In a business where what bleeds leads, reporter Carter Ross finds uplift in the memorial section--until one day he stumbles upon murder. When an Eagle-Examiner newspaper delivery woman meets an early death in a hit-and-run accident on her route one morning, Carter wants nothing more than to honor her memory as a likable, hardworking girl next door. But beneath the surface of Nancy Marino's seemingly simple life, he uncovers a mare's nest of family tensions, sexual harassment and hardball union politics--with all the evidence pointing toward his boss.
The Girl Next Door is the third installment of Brad Parks's Carter Ross series, which began with the Nero- and Shamus-winning Faces of the Gone. The popularity of the series is in no small part thanks to its self-effacing hero, Carter, a self-described prep school WASP. But he's got guts, and under the oxford/khakis combo, he's 100% Jersey.

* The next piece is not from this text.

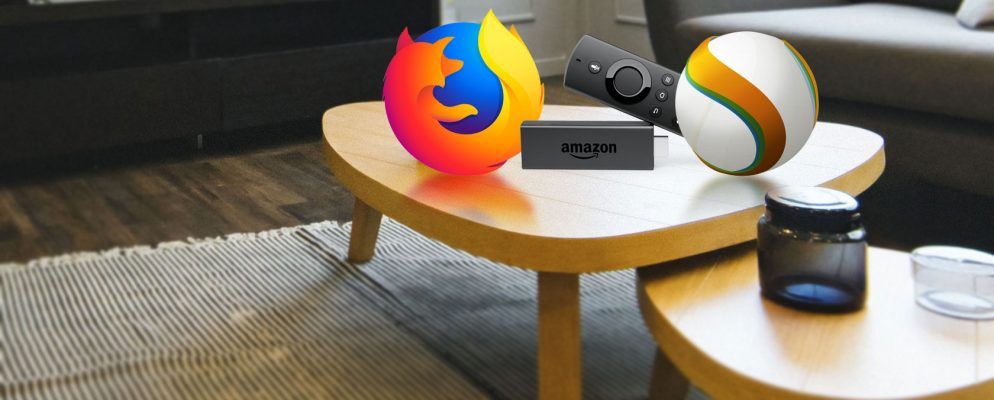 适用于Amazon Fire TV Stick的最佳Web浏览器:Firefox与Silk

With its Newark backdrop and broad humor, many reviewers have compared Parks's work to the Stephanie Plum bestsellers. Like Janet Evanovich, Parks captures the New Jersey sense of place in careworn but cozy blue-collar neighborhoods with postage-stamp yards serenaded by the "white noise machine" of the parkway. Carter and Stephanie share the common traits of courage verging on foolhardiness, language bordering on foul and, of course, a morbid appreciation for all thing funereal.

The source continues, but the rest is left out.